A: Los Angeles and New York City are both great locations to practice cosmetic dentistry. I would give LA the edge for having the highest concentration of celebrities because it is the epicenter of the entertainment industry. But many celebs are bicoastal, and NYC has no shortage of financially affluent people who appreciate high-quality aesthetic dentistry. In fact, one of my good friends from dental school, Brian Kantor (we both went to NYU), has the most successful cosmetic practice in Manhattan. Over the years, we have been able to cover for each other’s clients if needed.
Q: What new trends have you started implementing in your own work?
A: The biggest trend is the digital workflow, hands down. I have implemented digital scanning in my practice, and that is a one-way street. Digital scanning, digital design, and digital fabrication are the future of dentistry, but it is here now. When it comes to cosmetic dentistry, though, I am a hands-on artist. I like to hand-sculpt my provisional restorations in the mouth. For veneers, I like hand-layered feldspathic restorations. It’s becoming a lost art, for sure. The finest art collectors will always prefer an original from the artist over a digital copy. I think the same is true for cosmetic dentistry.
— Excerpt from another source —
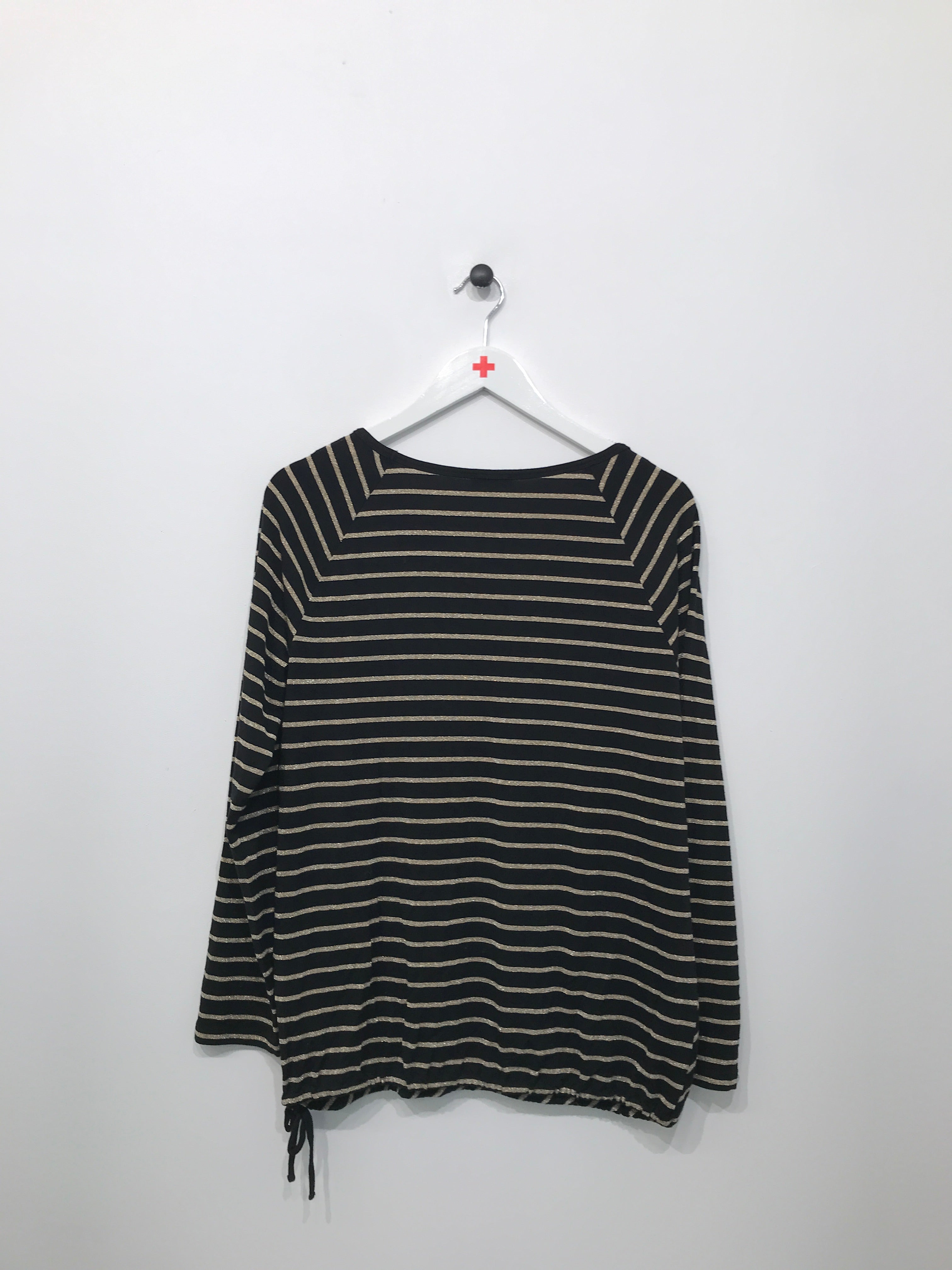 Street One Bluse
Q: Tell us about your company, byte.
A: Byte is my direct-to-consumer clear aligner company that straightens and whitens your teeth at home for a fraction of the cost of traditional options. It has been an incredibly exciting adventure for me! In dentistry, there are two main problems that really don’t get talked about much. The first is cost. Dentistry is expensive. Period. Second, access to care is limited, but not just if you are in a rural area. Many people cannot get time out of their workday to go to the dentist. I have thought long and hard about how I could provide quality dental treatment to a broader audience and make it easily accessible and affordable at the same time. Our product and service is dentist-supervised, and the patient response has been overwhelmingly favorable. The direct-to-consumer market is growing due to patient demand, which has led to disruption in traditional delivery models. It is important for dentistry to grow with it or risk getting left behind.
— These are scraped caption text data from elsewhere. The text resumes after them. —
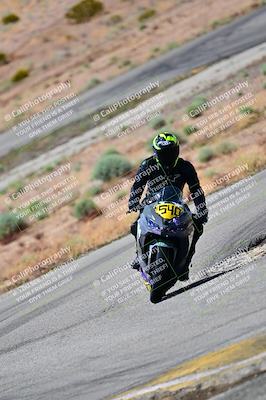 media/Apr-26-2025-2WTD (Sat) [[797c348bd3]]/B Group/120pm/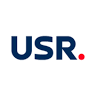 USR LUGOJ
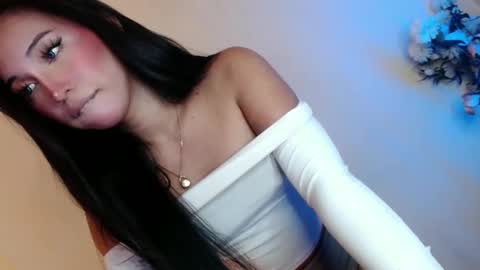 Snapshot of kiera_on_fire chatting on January 18, 2025, 9:24 am Kiera online show from January 18, 2025, 9:24 am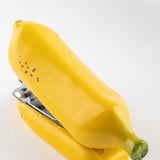 Agrafeuse banane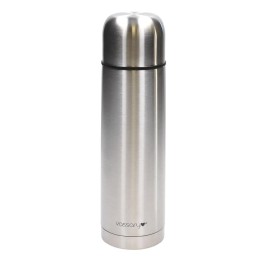 TERMO ACERO INOX. DOBLE...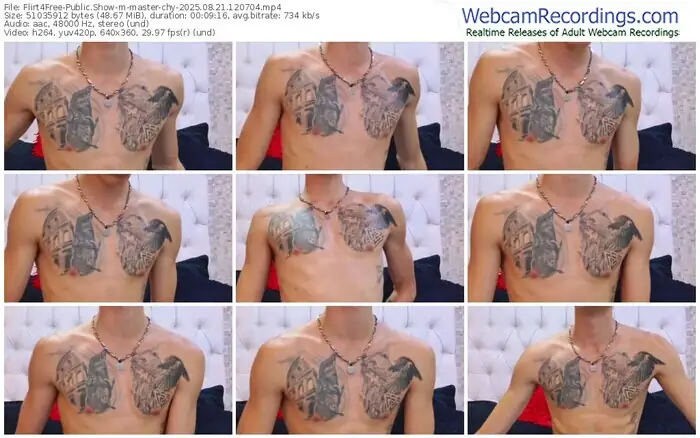 flirt4free-master-chy-08-21-2025-12-07-04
Q: How important is social media these days in running a successful practice and connecting with your clients, including celebrities?
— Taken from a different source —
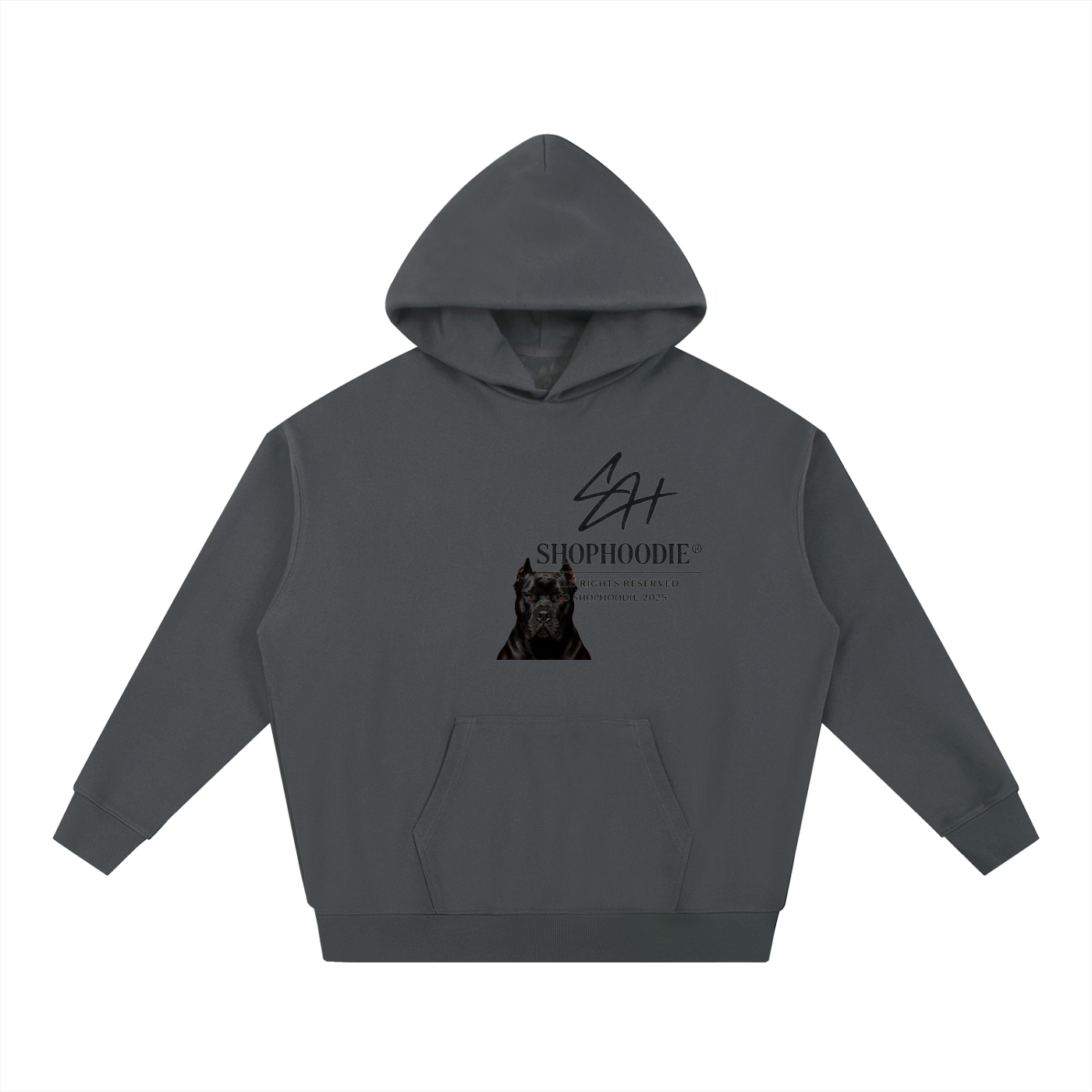 Hoodies,Hoodie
A: Social media is extremely important for visibility among your existing patients and a huge opportunity for connecting with new potential patients. In many ways, it has made it easier for dentists to showcase their work and some of their personality—much more effectively than a traditional website can. The celebrity side of my practice, however, continues to grow by word of mouth, as opposed to social media. They are most commonly referred by other celebrities, and they look for a known and trusted friend or colleague for this type of referral. Social media, though, allows me to engage with them and vice versa, and I find value in that to nurture the relationships. Now my celebrity clients even like taking photos with me on social media, which I never would have dreamed of asking for in the past. In fact, my first Instagram post ever was a repost from a selfie that Ryan Seacrest took of the both of us in my office!
Q: What is your ultimate goal and your advice to other cosmetic dentists looking at working toward the success you have found?
A: My long-term goal in dentistry is to continue to take great care of my patients and push the envelope as far as I can to advance patient care and quality cosmetic dentistry. I view success in dentistry as being about the journey, not the destination. You have to work hard along the way, but also find enjoyment while you are doing it. My entire career, I have tried to surround myself with great mentors. Without the valuable teachings, advice, and support of these people, I would not have gone very far. Success can mean many different things to all of us. So once you determine what is most important to you, then it’s time to chase after it!